Having in mind that exception can be thrown at various points of an application and having it run for the very first time in the test environment, I configured unity to set proxy to the majority of created objects, which are resolved as interfaces (proxifing their interfaces).
When I run a profiled, it showed a major overhead created by one strategy, being responsible for wrapping a created object with use of DynamicProxy2. What the profiler shown was plenty of calls to IEnumerable extensions method.
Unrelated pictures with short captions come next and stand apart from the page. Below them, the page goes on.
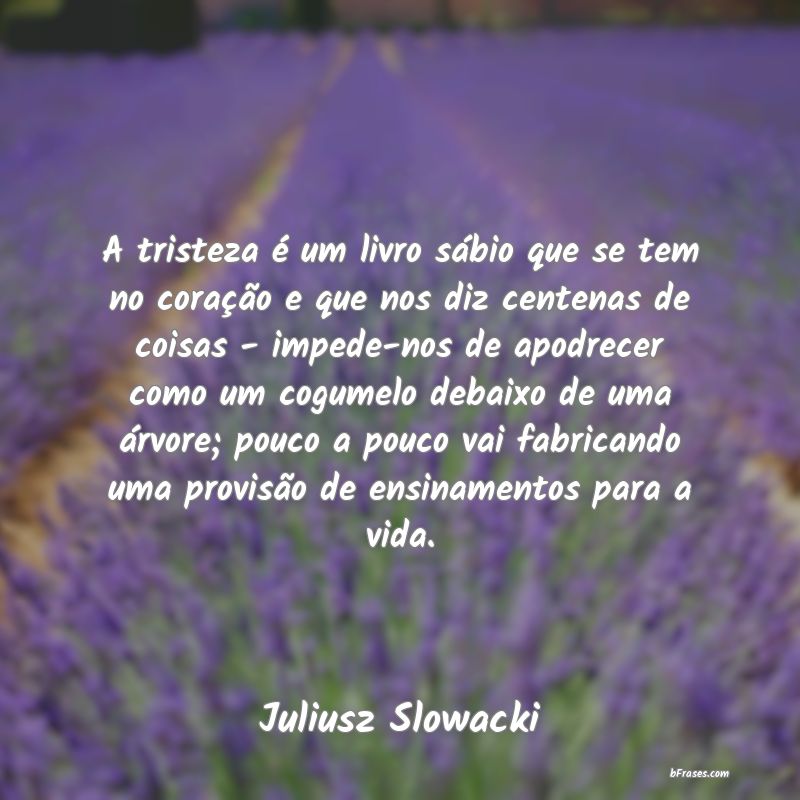Frases de Juliusz Slowacki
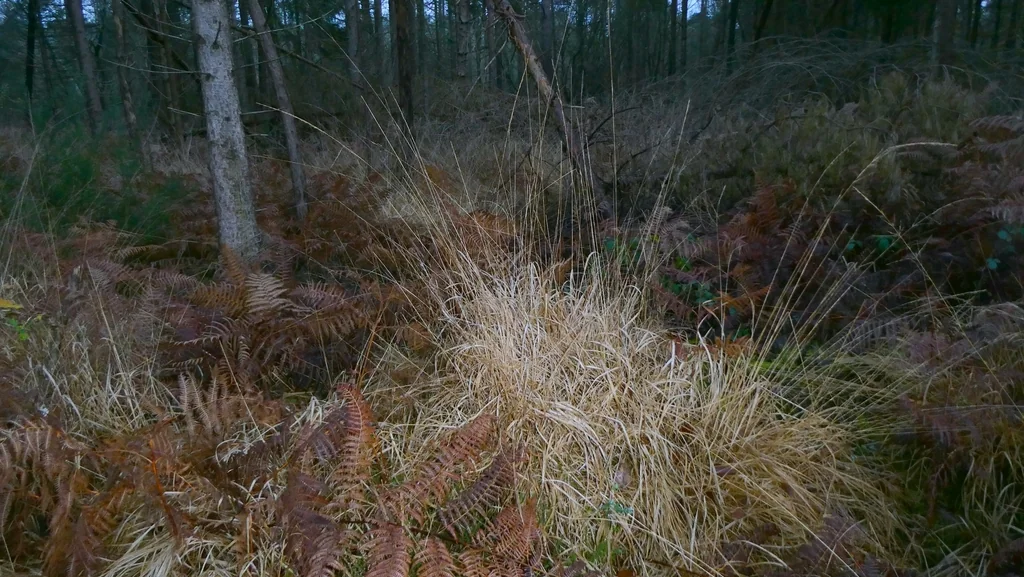 Molinia Caerulea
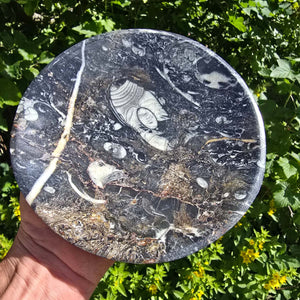 Orthoceras skal rund stor - Ø 17cm - Fossilsten - Nr. 17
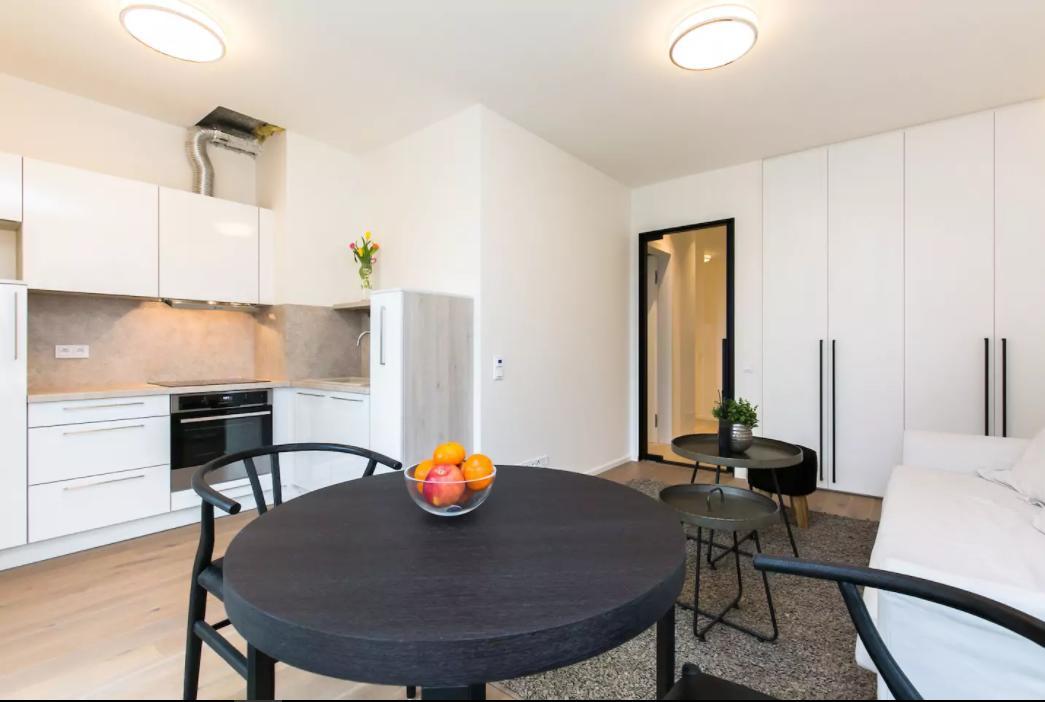 Flawless Apartments Pod Dekankou 布拉格 外观 照片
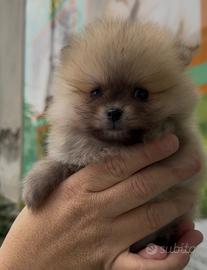 I veri spitz mini toy fulvi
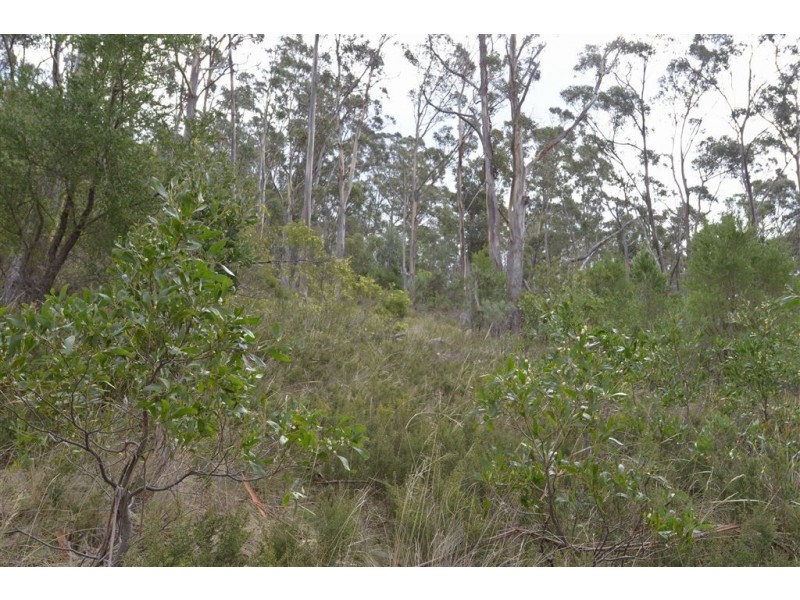 323A Tinderbox Road, Tinderbox TAS 7054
The strategy called one policy which before fixing looked like this:

public class InterceptorSelectorPolicy : IBuilderPolicy
{
	private readonly IDictionary<Type, List<Func<IBuilderContext, IInterceptor>>> 
		_activators;
	private static readonly ProxyGenerator ProxyGenerator = new ProxyGenerator();

	public InterceptorSelectorPolicy(
		IDictionary<Type, List<Func<IBuilderContext, IInterceptor>>> activators)
	{
		_activators = activators;
	}

	/// <summary>
	/// Determines whether the specified context is applicable for proxy generation.
	/// </summary>
	public bool IsApplicable(IBuilderContext context)
	{
		return _activators.ContainsKey(BuildKey.GetType(context.OriginalBuildKey));
	}

	/// <summary>
	/// Creates the proxy using <see cref="IBuilderContext.Existing"/> as target
	/// and <see cref="IBuilderContext.OriginalBuildKey"/> as proxied interface type.
	/// </summary>
	public object CreateProxy(IBuilderContext context)
	{
		var typeToProxy = BuildKey.GetType(context.OriginalBuildKey);

		return ProxyGenerator.CreateInterfaceProxyWithTarget(
			typeToProxy,
			context.Existing,
			_activators[typeToProxy]
			.Select(a => a(context))
			.ToArray());
	}
}

It’s worth to mentioned that it was called every time an object was created… After refactorization the code lost all the enumerable _create_state_machine_for_my_iterator_ stuff and was changed to:

public class InterceptorSelectorPolicy : IBuilderPolicy
{
	private readonly Type _typeToProxy;
	private readonly Func<IBuilderContext, IInterceptor>[] _activators;
	private static readonly ProxyGenerator ProxyGenerator = new ProxyGenerator();

	public InterceptorSelectorPolicy(Type typeToProxy, 
		Func<IBuilderContext, IInterceptor>[] activators)
	{
		_typeToProxy = typeToProxy;
		_activators = activators;
	}

	/// <summary>
	/// Gets a value indicating whether this proxified should be applied.
	/// </summary>
	/// <value>
	///     <c>True</c> if this instance is applicable; otherwise, <c>false</c>.
	/// </value>
	public bool IsApplicable
	{
		get { return _activators != null && _activators.Length > 0; }
	}

	/// <summary>
	/// Creates the proxy using <see cref="IBuilderContext.Existing"/> as target
	/// and <see cref="IBuilderContext.OriginalBuildKey"/> as proxied interface type.
	/// </summary>
	/// <param name="context">The context.</param>
	/// <returns>Returns created proxy.</returns>
	public object CreateProxy(IBuilderContext context)
	{
		return ProxyGenerator.CreateInterfaceProxyWithTarget(
			_typeToProxy,
			context.Existing,
			CreateInterceptors(context));
	}

	private IInterceptor[] CreateInterceptors(IBuilderContext context)
	{
		var result = new IInterceptor[_activators.Length];
		for (var i = 0; i < _activators.Length; i++)
		{
			result[i] = _activators[i](context);
		}
		return result;
	}
}

No dictionary look ups, no iterators, no needed overhead. The whole idea was simplified and now, for an object having no need of proxifing it is reduced to a simple, nolock _is_null_ array check called by a post build strategy. You don’t mess with Unity’s policies unless you have a nice stress test written.